:: Material provided ::
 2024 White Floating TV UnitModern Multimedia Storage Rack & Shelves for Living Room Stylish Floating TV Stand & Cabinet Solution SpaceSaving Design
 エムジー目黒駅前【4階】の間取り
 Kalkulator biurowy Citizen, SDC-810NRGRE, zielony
:::
Task brief:
Print out the full listing above, word for word.

Response to this exercise:
 2024 White Floating TV UnitModern Multimedia Storage Rack & Shelves for Living Room Stylish Floating TV Stand & Cabinet Solution SpaceSaving Design
 エムジー目黒駅前【4階】の間取り
 Kalkulator biurowy Citizen, SDC-810NRGRE, zielony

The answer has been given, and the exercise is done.